==== RECORDS FOR THIS EXERCISE

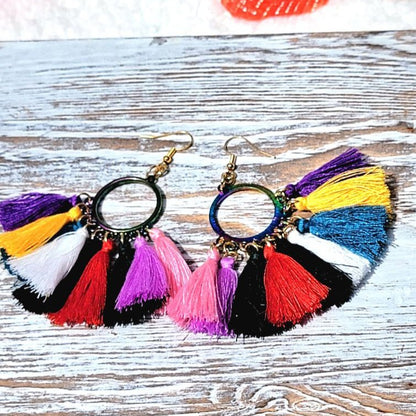 Pendiente de borla Mardi Gras, joyería de espectro lúdico, pieza de declaración de moda de verano, colgante ligero de arco iris, accesorio colorido vivaz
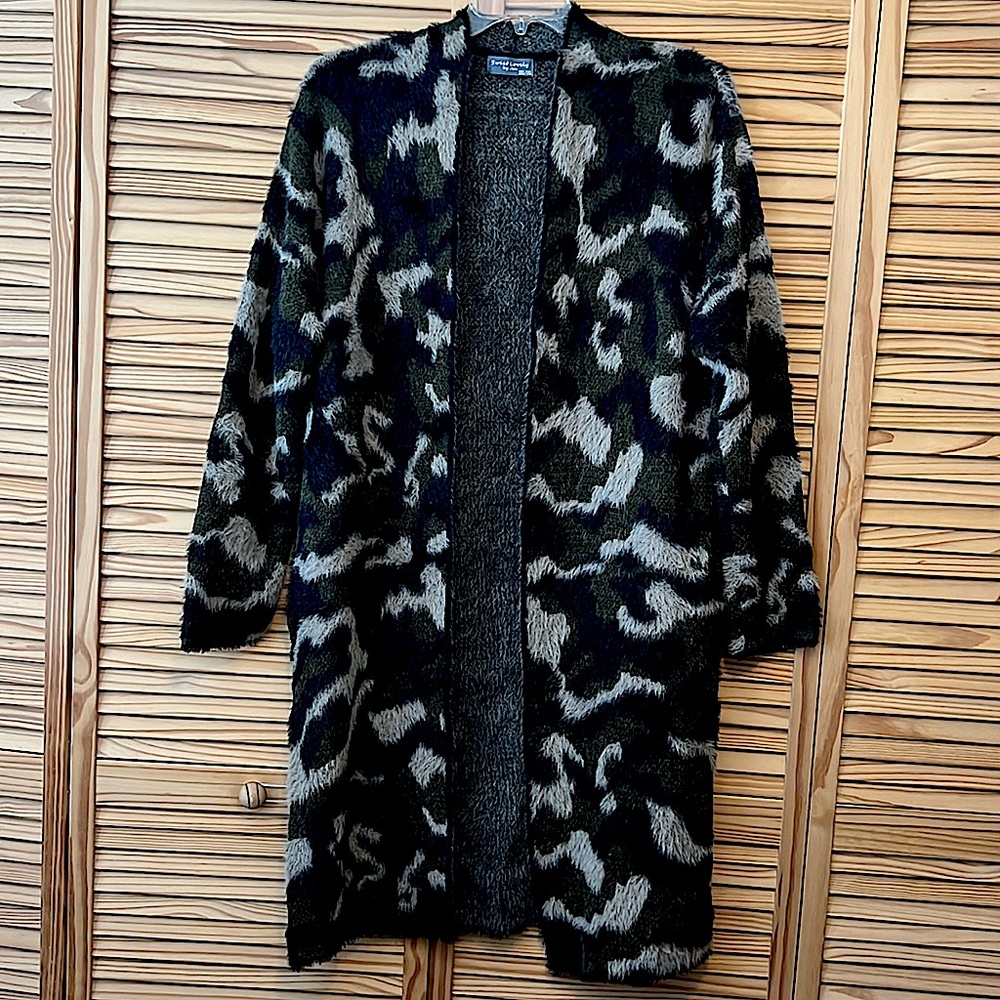 Camouflage Cardigan - 2XL/3XL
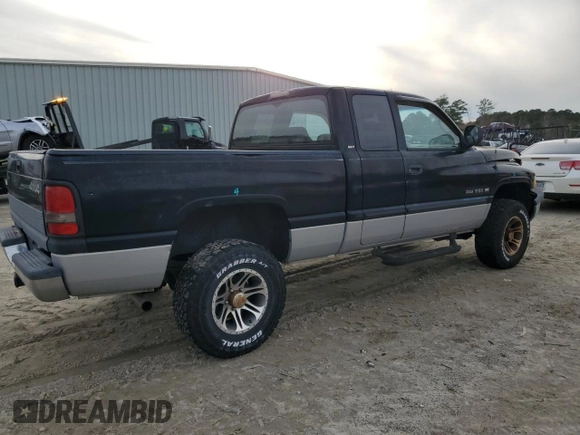 2000 Dodge 1500 z VIN 1B7HF13Z7YJ115816, wystawiony jako Copart lot #84693474 z przebiegiem 189 647 mil mil oraz Szkoda całkowita • Salvage title. Historia ofert i sprzedaży dostępna na DreamBid. Obrazek 3.
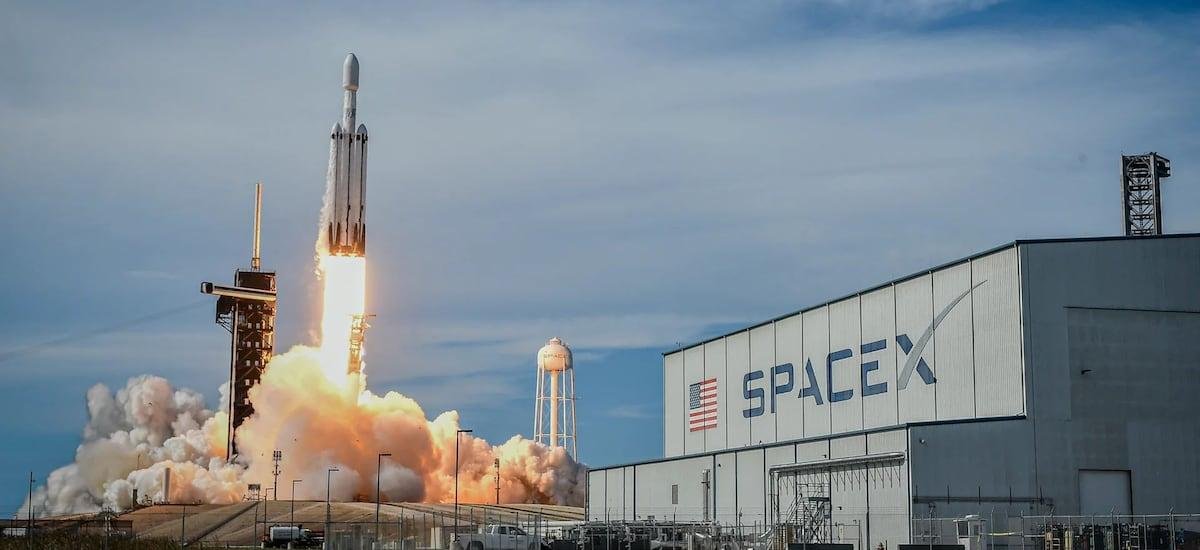 Por qué SpaceX y xAI negocian una fusión histórica - La Tercera
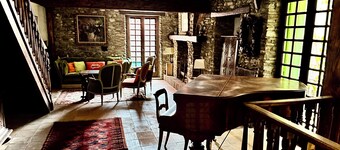 Unique catal. Traditional house with stunning views of the bay & mountains in d. Old town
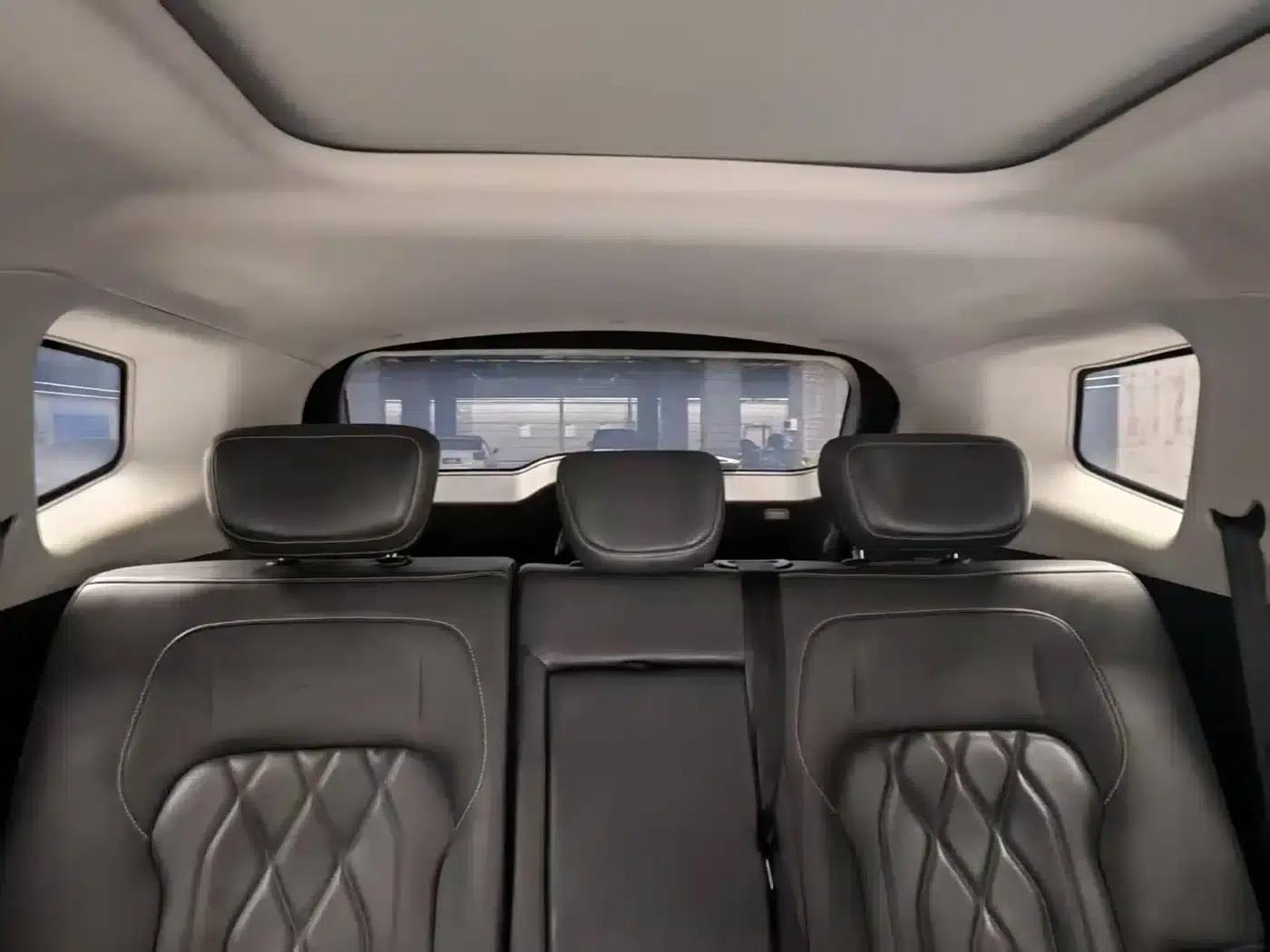 Jetour X90 PRO 2024 2.0T DCT Premium Edition 5-seater — миниатюра 15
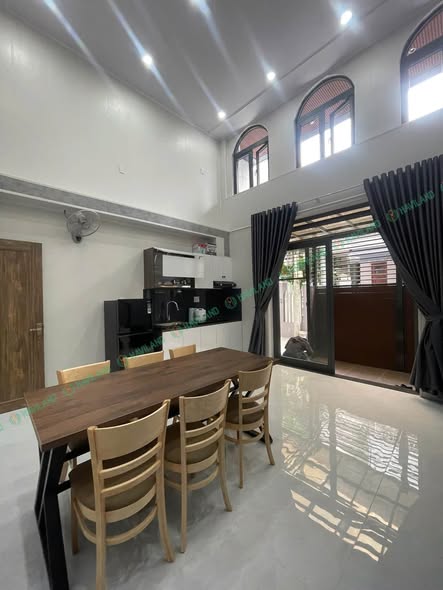 Apartment - 2 Bedroom - Le Van Huu Street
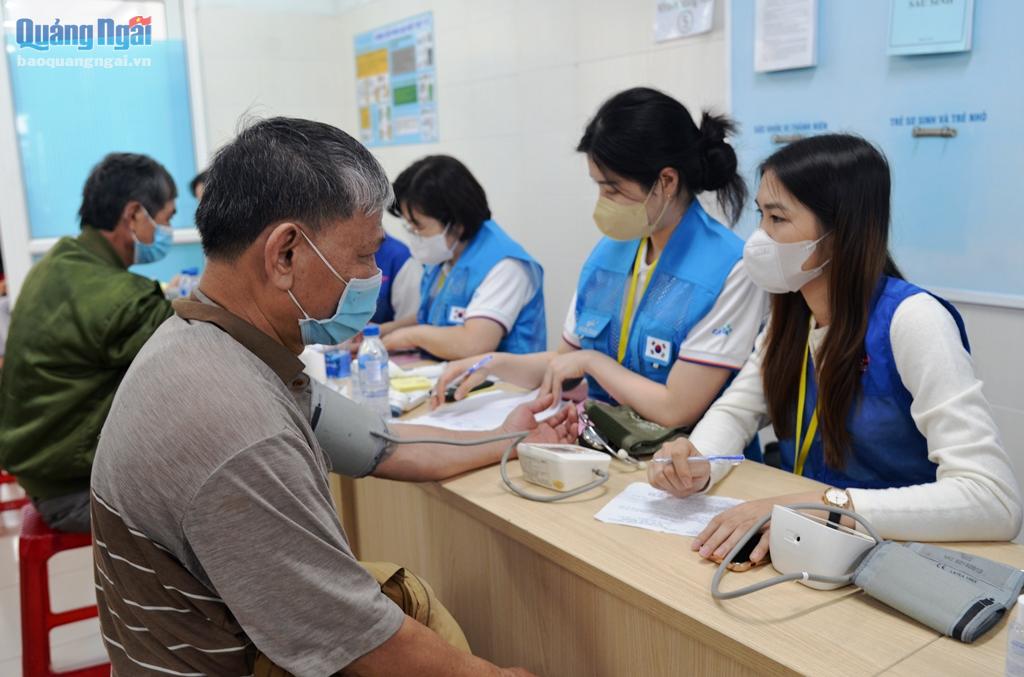 Dịp này, đoàn y tế đến từ Hàn Quốc sẽ khám bệnh, cấp thuốc miễn phí cho 1.500 người dân Quảng Ngãi.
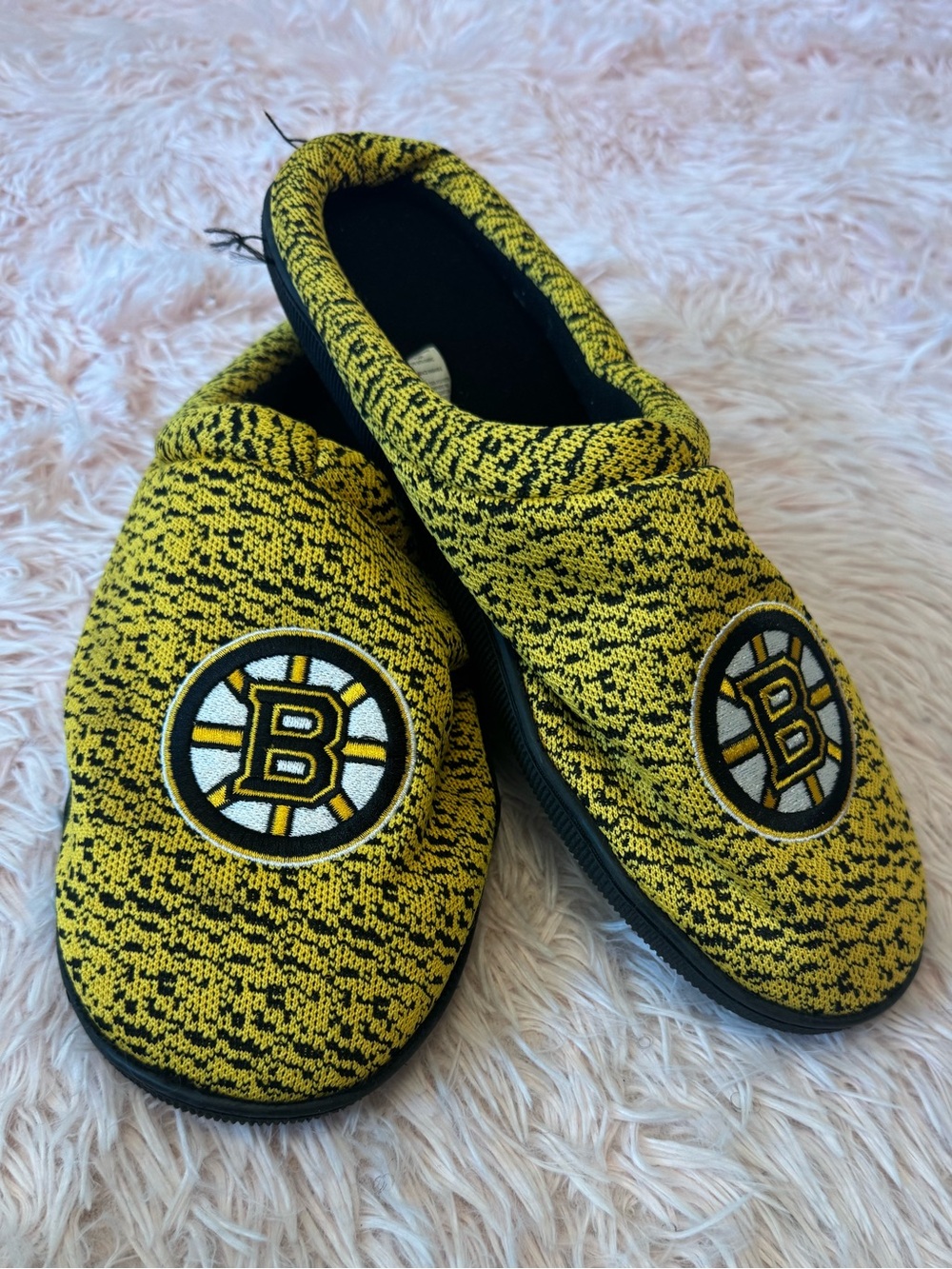 Boston Bruins Slippers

========

Copy only the part of the records that runs from the first line to the line with "Unique catal. Traditional", ends included, leaving pictures out.

 Pendiente de borla Mardi Gras, joyería de espectro lúdico, pieza de declaración de moda de verano, colgante ligero de arco iris, accesorio colorido vivaz
 Camouflage Cardigan - 2XL/3XL
 2000 Dodge 1500 z VIN 1B7HF13Z7YJ115816, wystawiony jako Copart lot #84693474 z przebiegiem 189 647 mil mil oraz Szkoda całkowita • Salvage title. Historia ofert i sprzedaży dostępna na DreamBid. Obrazek 3.
 Por qué SpaceX y xAI negocian una fusión histórica - La Tercera
 Unique catal. Traditional house with stunning views of the bay & mountains in d. Old town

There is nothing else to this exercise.